Under A.R.S. § 12-910(E), the Superior Court Appeals Department may affirm, reverse, modify or vacate and remand the agency decision. A.R.S. § 12-910(E) states that the Court shall affirm the agency action unless the Court concludes “that the action is not supported by substantial evidence, is contrary to law, is arbitrary and capricious or is an abuse of discretion.” The Court may hold an evidentiary hearing in order to make the above determination. See A.R.S. § 12-910(A). However, the decision to do so is in the discretion of the Court, and is not a matter of right. Often, parties will not be permitted to offer additional evidence, and will instead be limited to oral argument on the underlying record. Final decisions, orders, judgments or decrees of the Appeals Department may be appealed to the Arizona Supreme Court. A.R.S. § 12-913.

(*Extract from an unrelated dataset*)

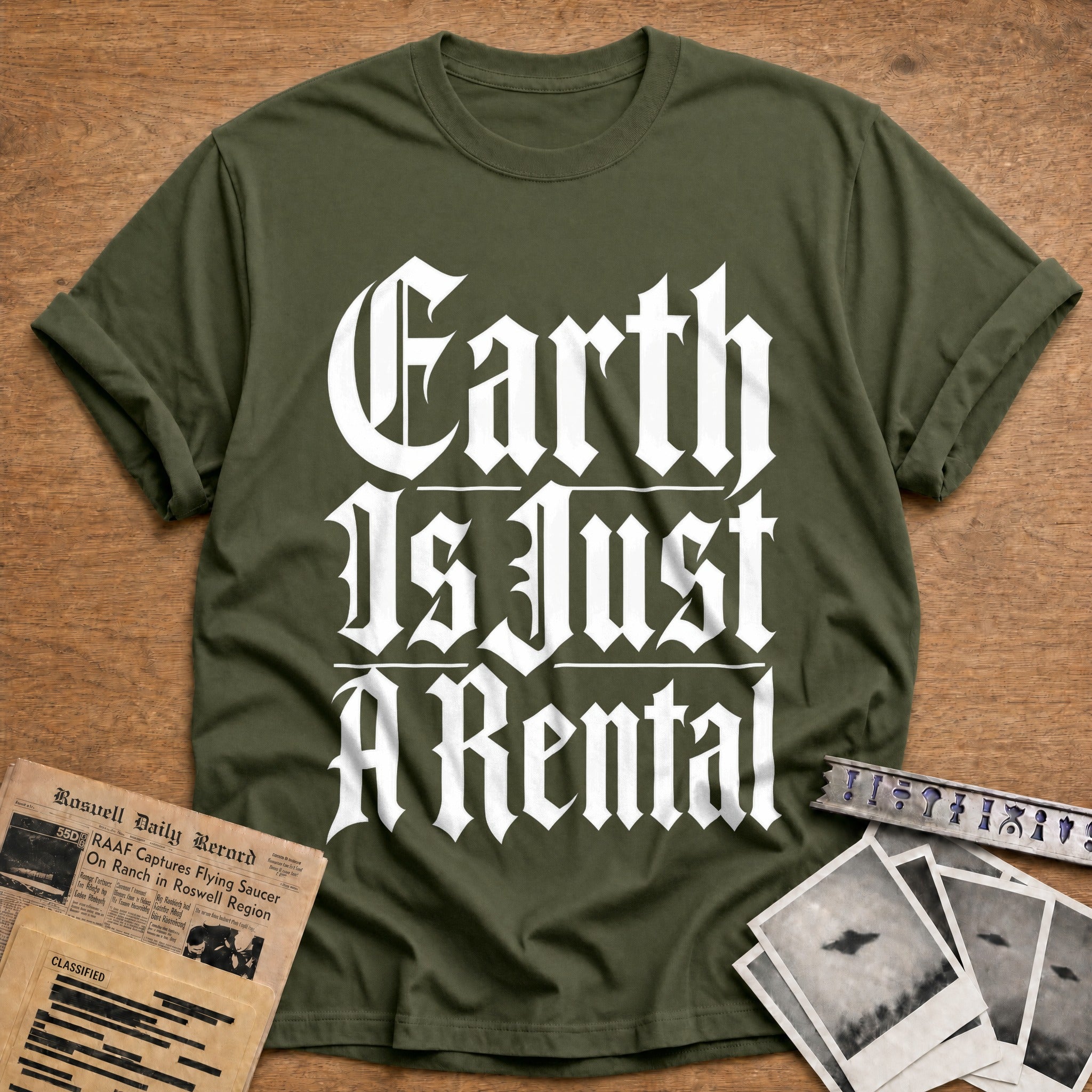 Earth Is Just A Rental 04 - Military Green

As can be seen from the foregoing, the rehearing and appeal process is comprised of a number of steps and is governed by relatively short deadlines. Parties who are considering filing a motion for rehearing or a complaint for judicial review of an administrative decision should fully acquaint themselves with the applicable statutes and rules to ensure that their filings are both timely and in compliance with the requirements of the law.